§ **DATA PROVIDED**:
::::
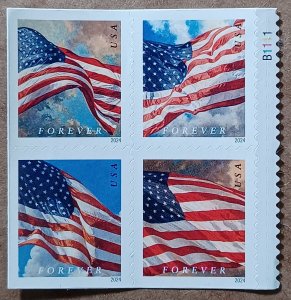 US #5871-5874 (68c) American Flag BCA booklet MNH block of 4 plate #B1111 (2024)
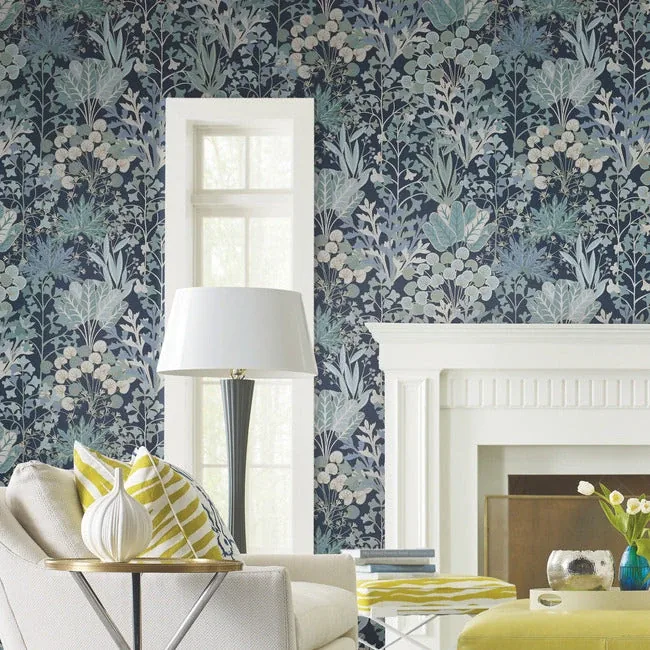 York Wallcoverings Forest Floor Navy Wallpaper - SKU BL1812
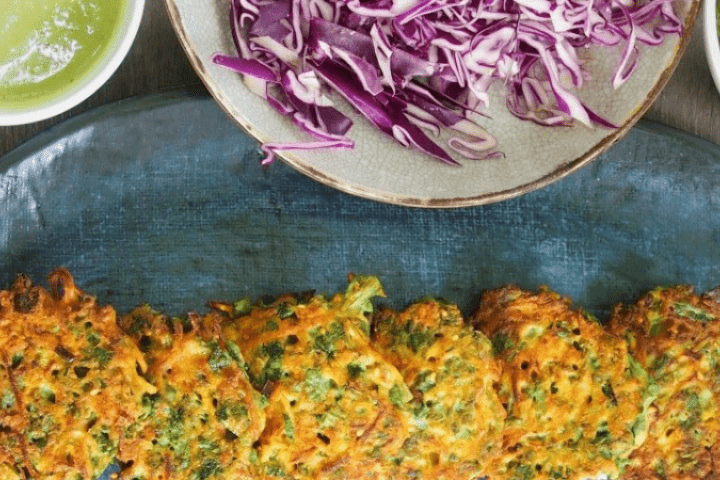 Carrot, kale, coriander and fetta fritters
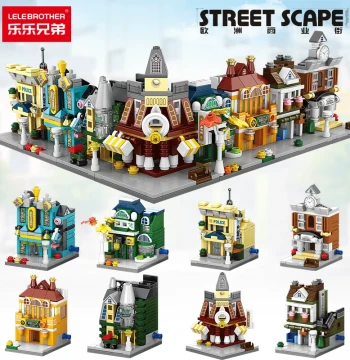 European Street Scene Small Particle Building Model Children's Educational Assembly House Block Toy Boys' Puzzle Gift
::::
§ **WORK TO COMPLETE**: Where a line contains "Carrot, kale, coriander and fetta fritters", begin there and set down exactly each line through the end of the data above, omitting any pictures.

§ **WRITTEN ANSWER**:
 Carrot, kale, coriander and fetta fritters
 European Street Scene Small Particle Building Model Children's Educational Assembly House Block Toy Boys' Puzzle Gift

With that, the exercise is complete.